-- EXERCISE AIM --
Using the listing below, print the line containing "size xs nike men's shirts & tops", the line containing "Hyundai i30 (PD) id 4188079 из Кореи 10", and each line between them, exactly and nothing else. Pictures stay out of the print.

*** TASK DATA

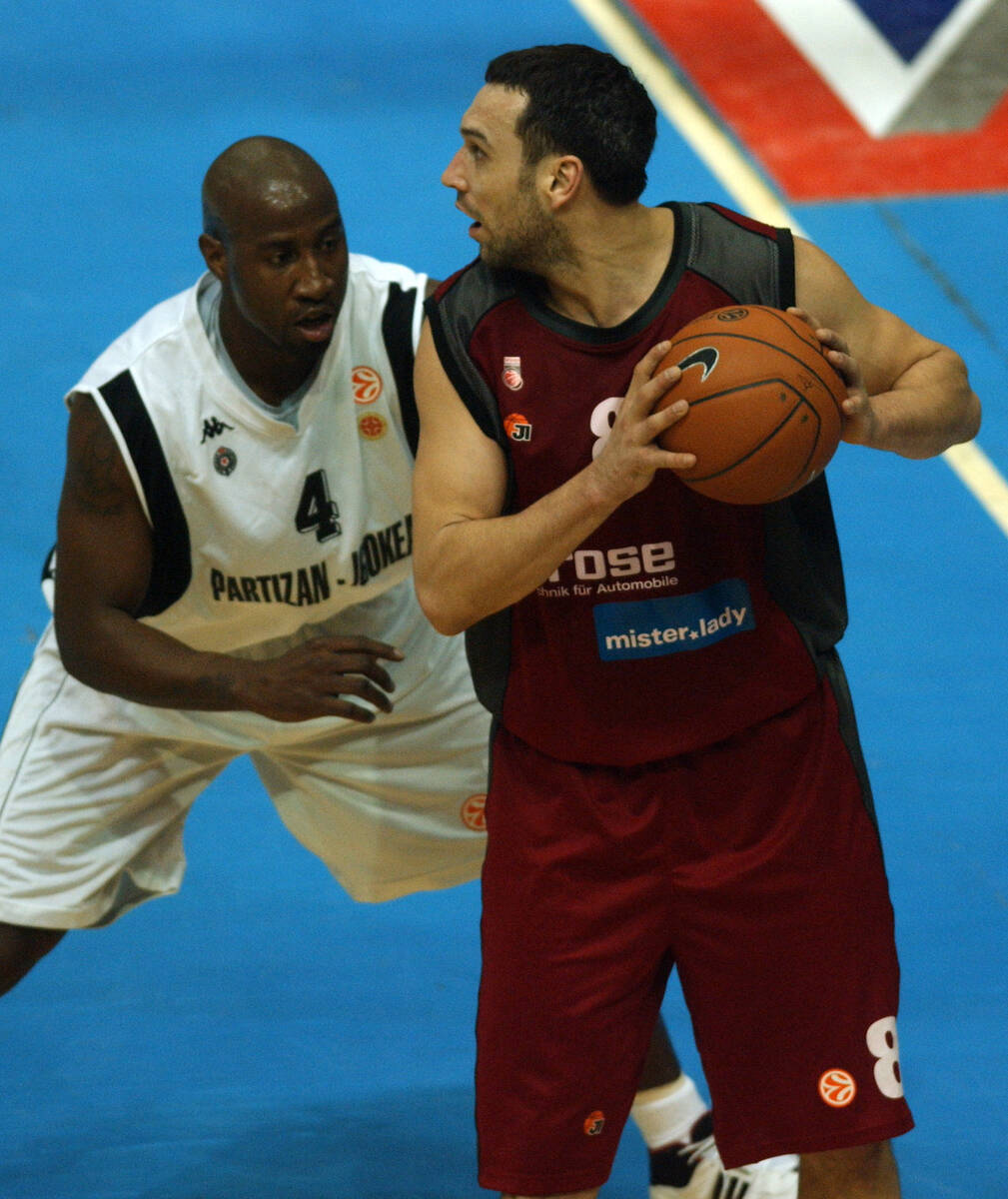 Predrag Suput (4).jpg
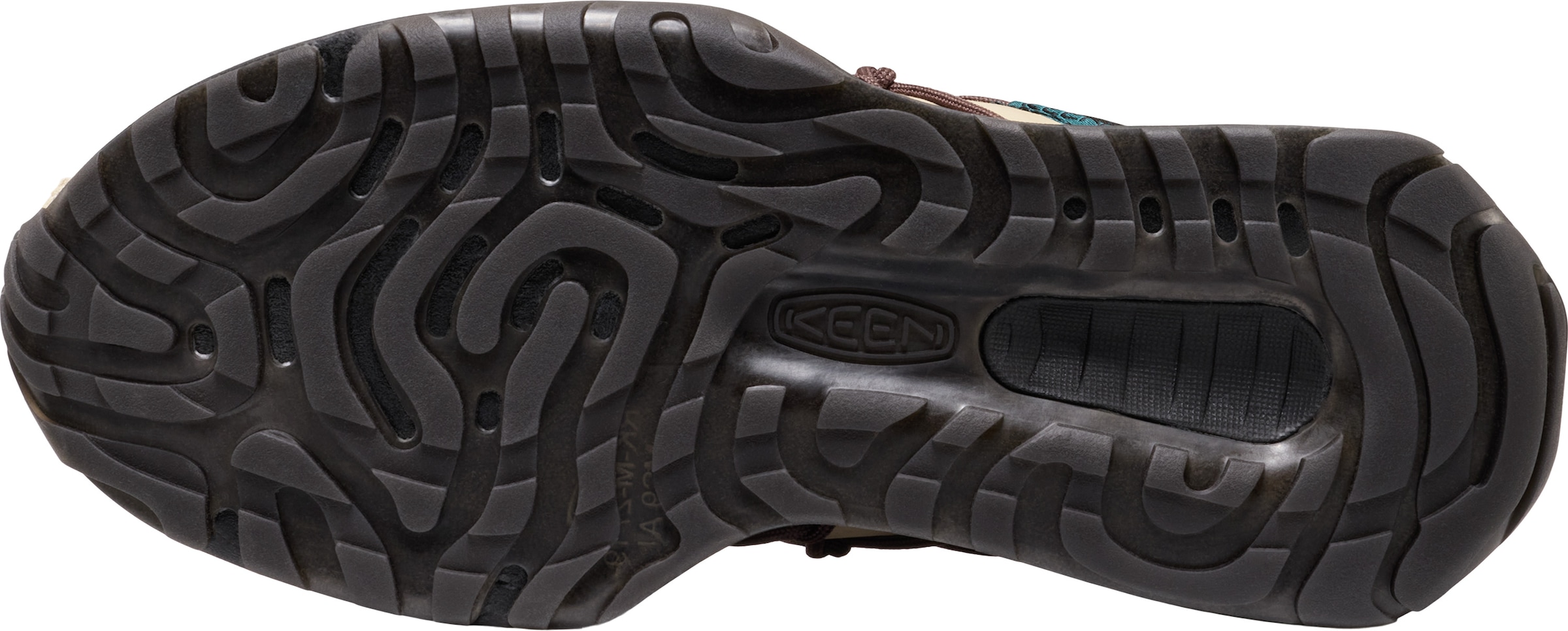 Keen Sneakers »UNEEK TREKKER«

******
*** TASK DATA

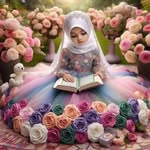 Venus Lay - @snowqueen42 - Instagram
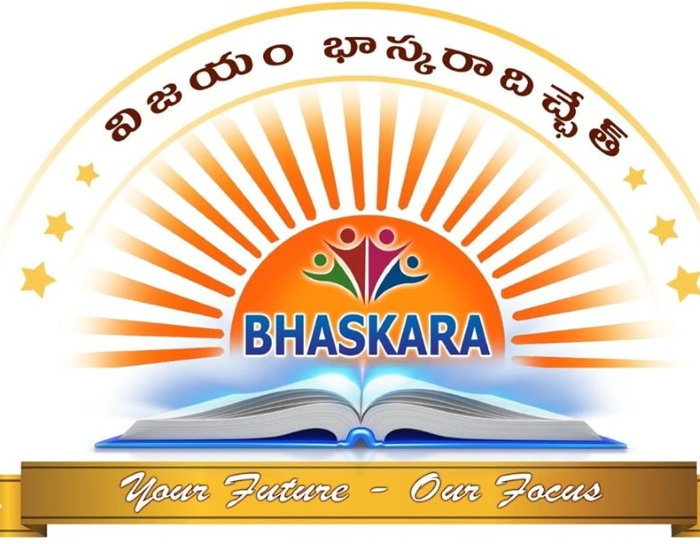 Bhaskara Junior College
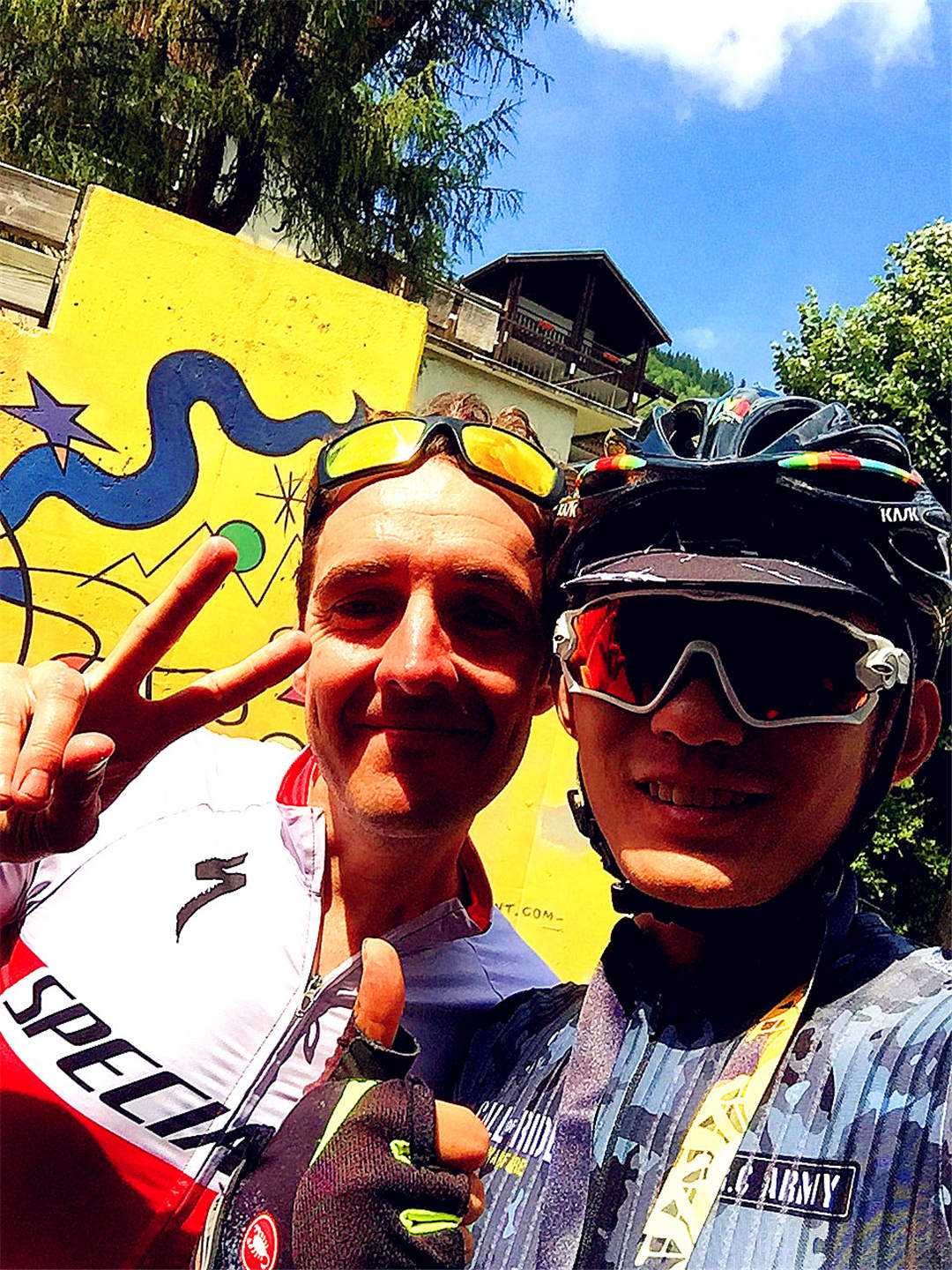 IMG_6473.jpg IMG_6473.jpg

******
*** TASK DATA

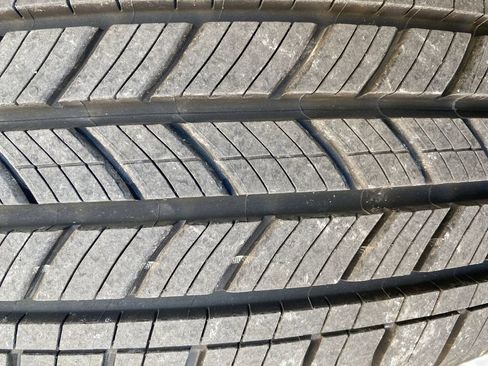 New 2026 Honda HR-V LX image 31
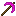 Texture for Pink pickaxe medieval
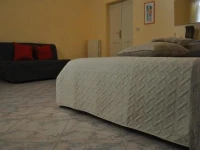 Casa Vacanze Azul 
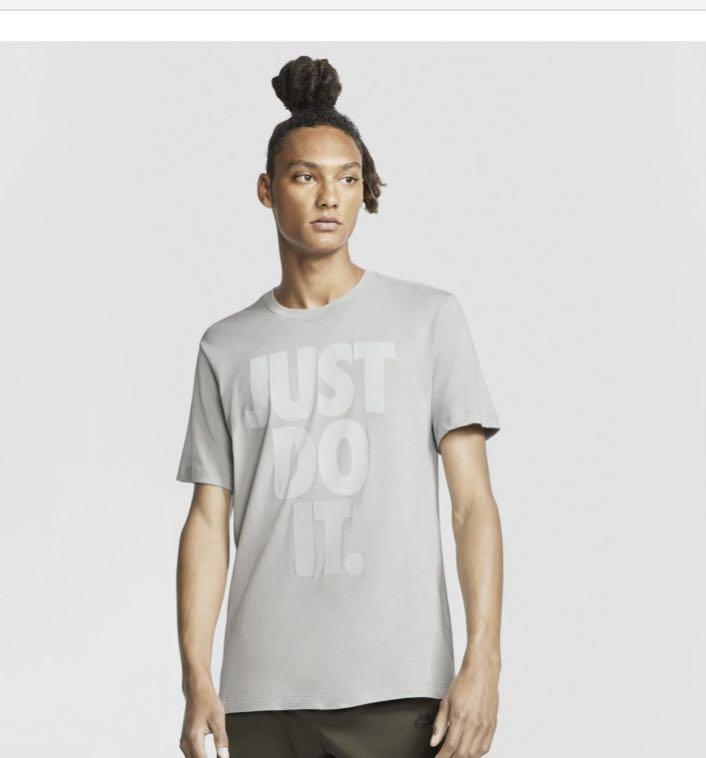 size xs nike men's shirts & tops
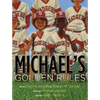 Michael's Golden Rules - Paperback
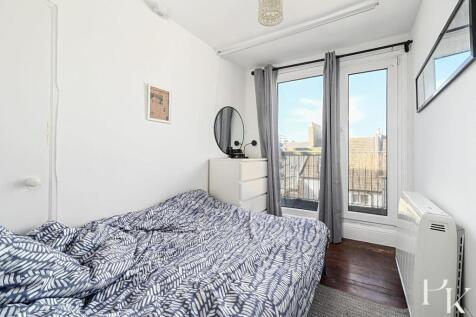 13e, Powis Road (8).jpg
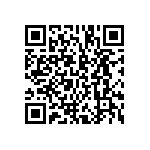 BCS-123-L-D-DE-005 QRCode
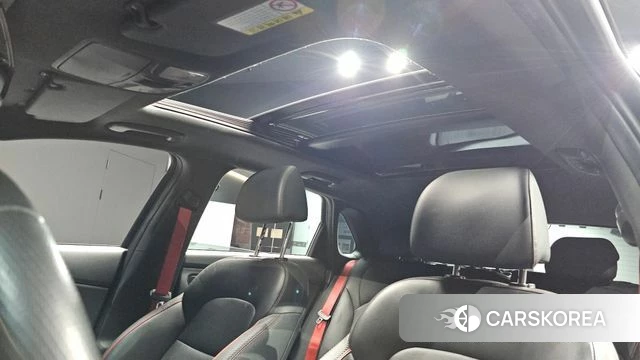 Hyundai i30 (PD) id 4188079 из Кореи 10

******

-- PROBLEM SOLUTION --
 size xs nike men's shirts & tops
 Michael's Golden Rules - Paperback
 13e, Powis Road (8).jpg
 BCS-123-L-D-DE-005 QRCode
 Hyundai i30 (PD) id 4188079 из Кореи 10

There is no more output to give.